● **Work request**:
In the entries that follow, the first line to write out is the one containing "1009 E Marks St Property Photo 16", and the last is the one containing "किसानों का अनोखा". Reproduce that stretch exactly, with nothing before or after it.

● **Material to process**:
++++++
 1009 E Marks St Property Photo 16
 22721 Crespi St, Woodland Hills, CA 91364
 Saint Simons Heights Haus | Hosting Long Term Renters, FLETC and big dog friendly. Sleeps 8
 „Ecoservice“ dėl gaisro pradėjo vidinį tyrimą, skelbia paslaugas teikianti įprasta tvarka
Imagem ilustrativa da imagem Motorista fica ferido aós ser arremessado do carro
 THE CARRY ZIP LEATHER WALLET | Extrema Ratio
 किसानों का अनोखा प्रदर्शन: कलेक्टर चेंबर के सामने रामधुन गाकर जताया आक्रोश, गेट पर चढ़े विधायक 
++++++
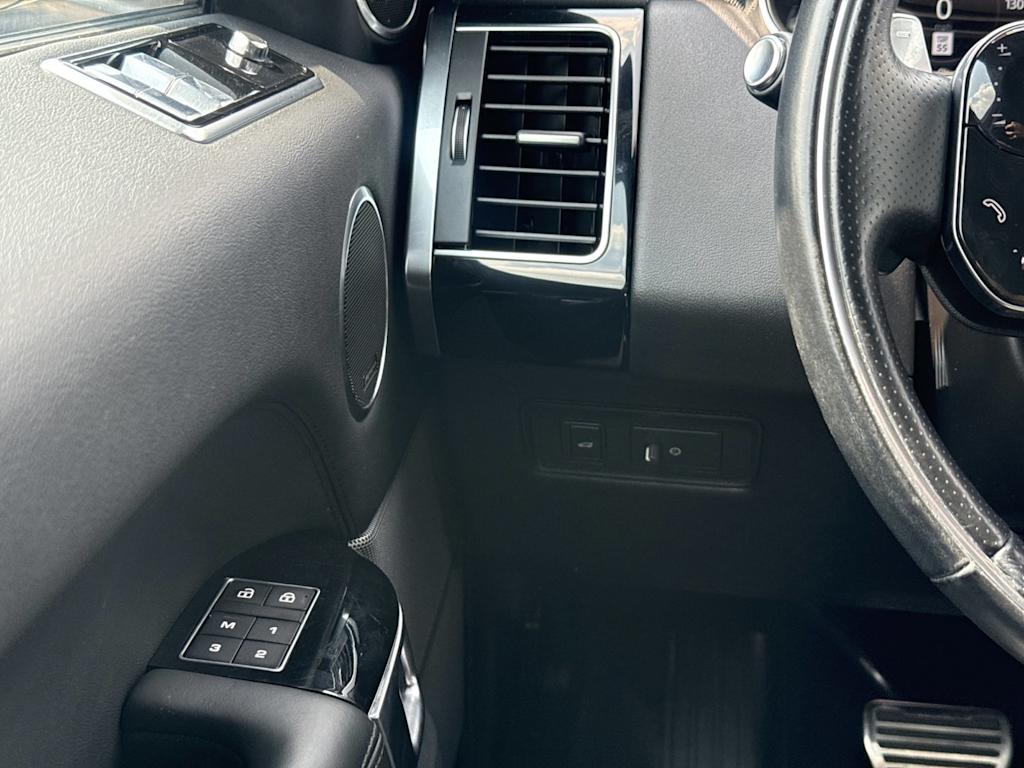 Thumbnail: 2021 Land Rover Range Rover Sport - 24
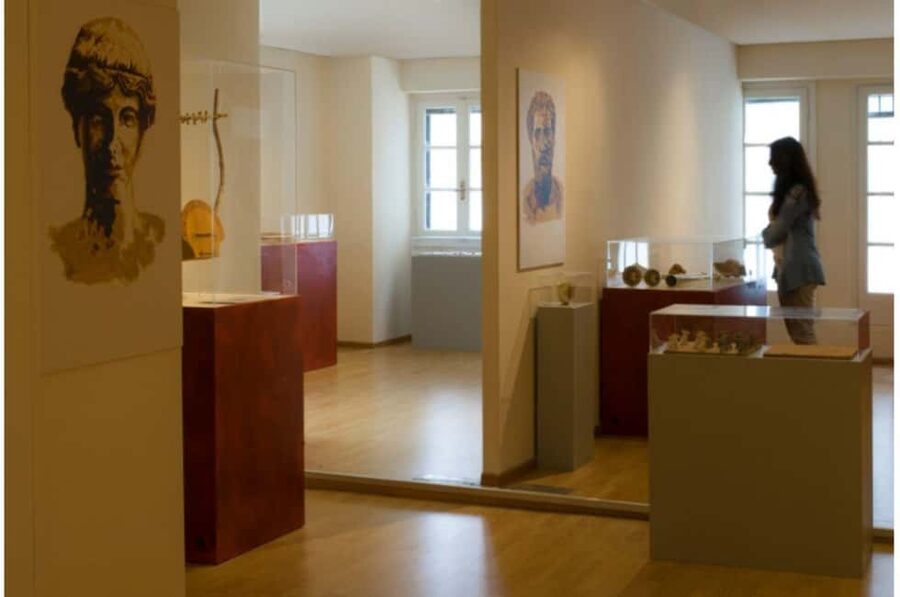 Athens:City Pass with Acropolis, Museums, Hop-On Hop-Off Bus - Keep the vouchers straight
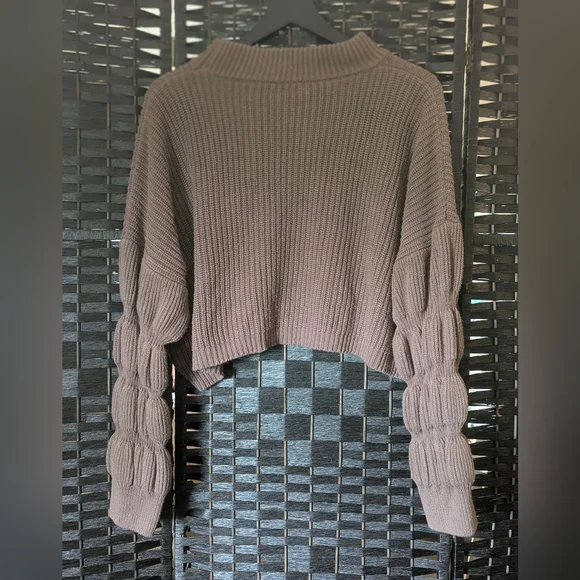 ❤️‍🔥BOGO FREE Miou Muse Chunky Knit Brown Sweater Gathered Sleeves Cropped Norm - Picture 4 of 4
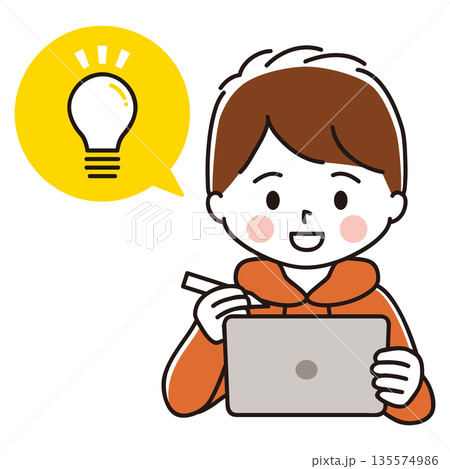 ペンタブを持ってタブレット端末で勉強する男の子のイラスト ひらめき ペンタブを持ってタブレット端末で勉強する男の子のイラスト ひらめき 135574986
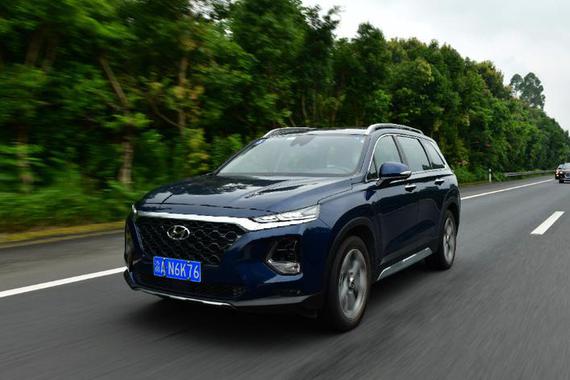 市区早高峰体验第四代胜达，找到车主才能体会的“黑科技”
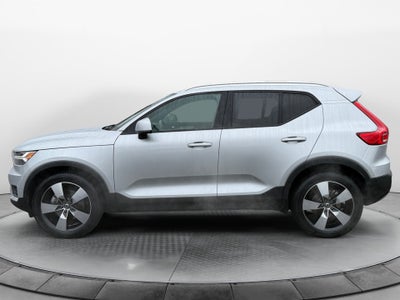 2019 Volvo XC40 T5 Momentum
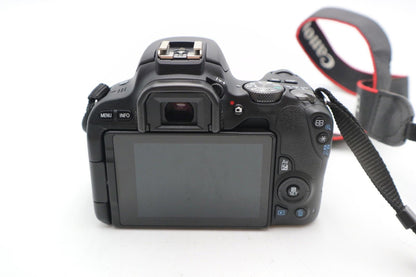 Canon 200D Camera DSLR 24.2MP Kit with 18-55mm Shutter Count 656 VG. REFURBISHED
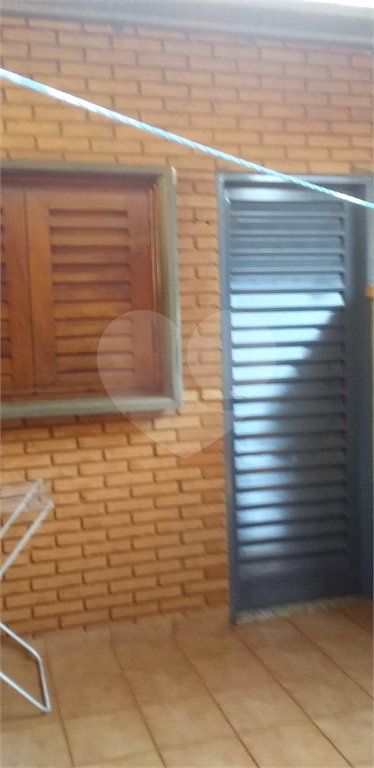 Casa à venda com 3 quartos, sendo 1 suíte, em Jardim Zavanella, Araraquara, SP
++++++
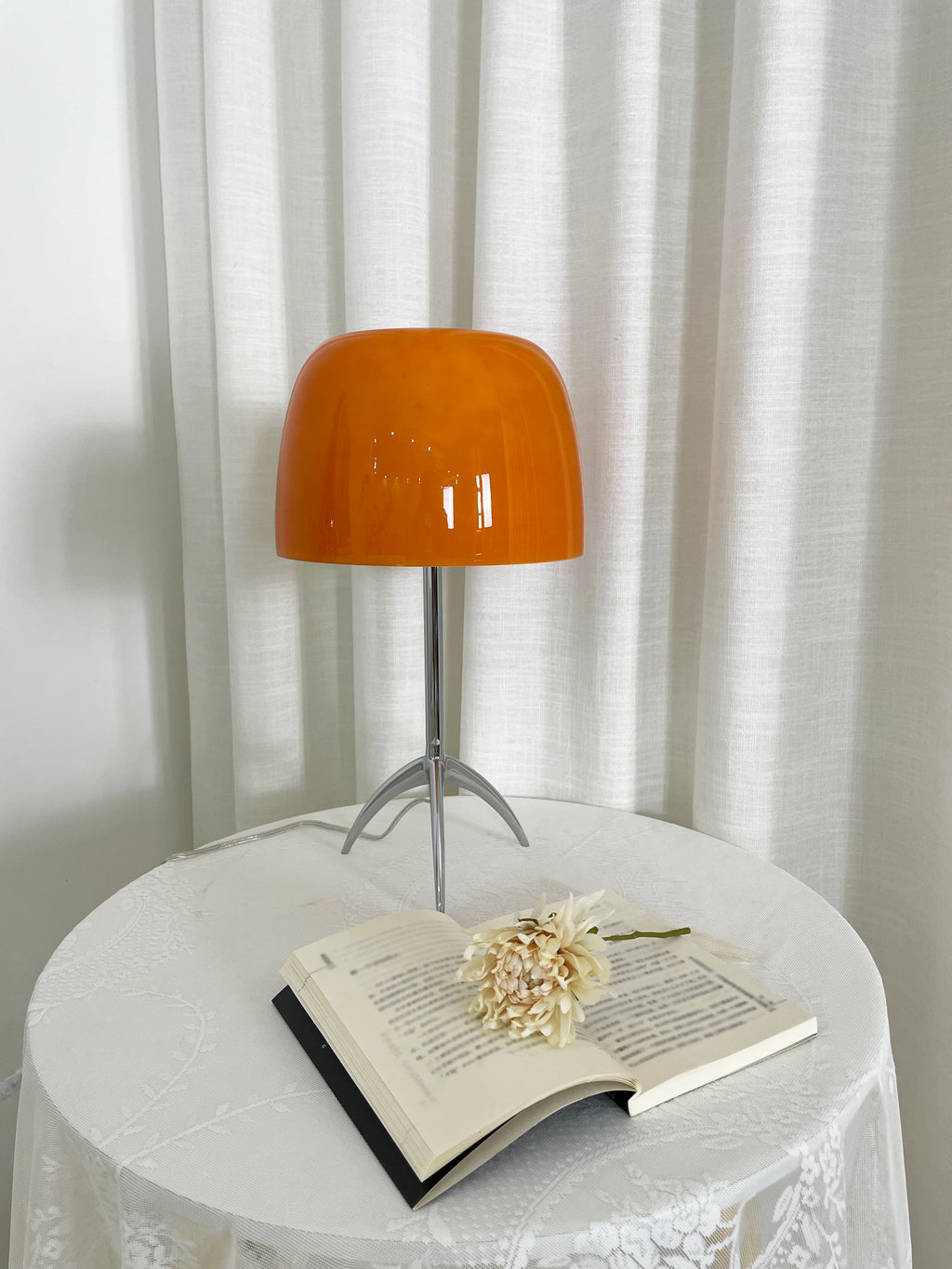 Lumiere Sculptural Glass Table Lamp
++++++
● **Written answer**:
 1009 E Marks St Property Photo 16
 22721 Crespi St, Woodland Hills, CA 91364
 Saint Simons Heights Haus | Hosting Long Term Renters, FLETC and big dog friendly. Sleeps 8
 „Ecoservice“ dėl gaisro pradėjo vidinį tyrimą, skelbia paslaugas teikianti įprasta tvarka
Imagem ilustrativa da imagem Motorista fica ferido aós ser arremessado do carro
 THE CARRY ZIP LEATHER WALLET | Extrema Ratio
 किसानों का अनोखा प्रदर्शन: कलेक्टर चेंबर के सामने रामधुन गाकर जताया आक्रोश, गेट पर चढ़े विधायक 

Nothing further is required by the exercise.